Many of the analytics delivered by the Platform are generated by IBM PAIRS Geoscope which is a cloud-based innovation of IBM Research that can quickly provide contextual information about a specific location using geospatial-temporal information. Using machine learning techniques and analytics on satellite imagery, weather data, census data, land use and business location data, it can help companies make predictions about the future of their farms.

Image: IBM is announcing the Watson Decision Platform for Agriculture, a suite of agribusiness tools and solutions to help growers leverage the power of AI to make better, more informed decisions. In this image, yield forecast projects crop output in specific field sections, to help growers estimate future harvest. National models by crop and region help enterprises make better financial services decisions. (Source: IBM)

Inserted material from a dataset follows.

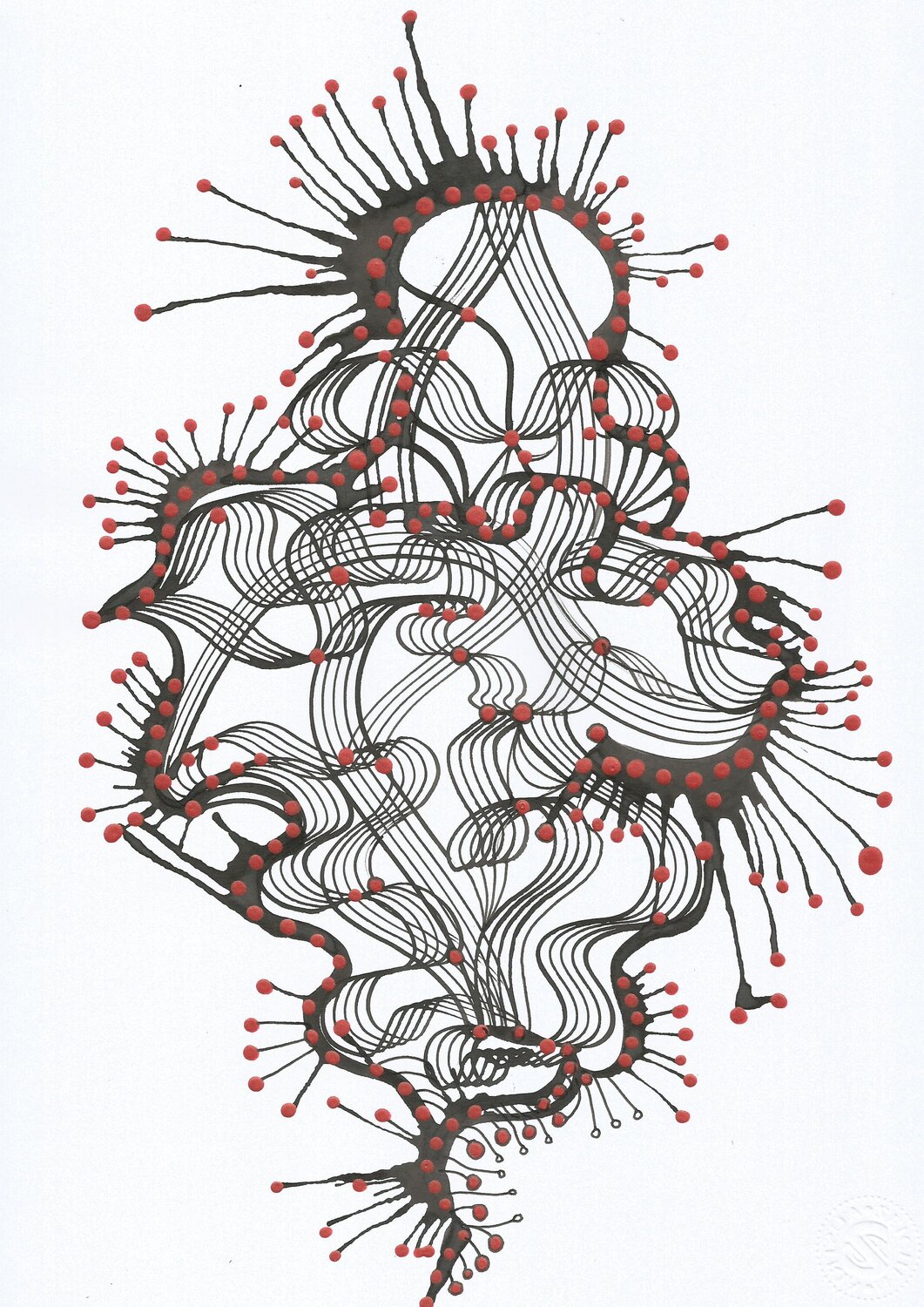 Klangbild mit roten Punkten 13 Ira Repey Work on Paper for sale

The new IBM Watson Decision Platform for Agriculture introduction is complementary to the existing Blockchain-based IBM Food Trust capabilities which facilitate food traceability across each step of the food supply such as origin, processing data, and shipping details.

IBM is partnering with a host of organizations to deliver the decision support capabilities of the Platform. For example:

  • In India, IBM Research has partnered with NITI Aayog, a government think tank to explore how AI can be used to leveraging AI to issue early warning on pest and disease outbreaks.
  • Main Street Data provides its Validator capabilities to benchmark yield against output from comparable fields and its MarketVision capabilities to help growers time their crop sales to maximize profit
  • In Kenya, IBM scientists in Nairobi partnered with Twiga Foods to build and test a blockchain-enabled microfinance lending platform which helps small farmers and food vendors get access to lending capital.
  • GiSC is a data cooperative run by growers for growers that integrates with the Platform to help users analyze their data to get more value from it. 

In each case, around the world, AI is helping feed us while helping farmers and the entire food chain to become more efficient and deliver better quality and sustainability.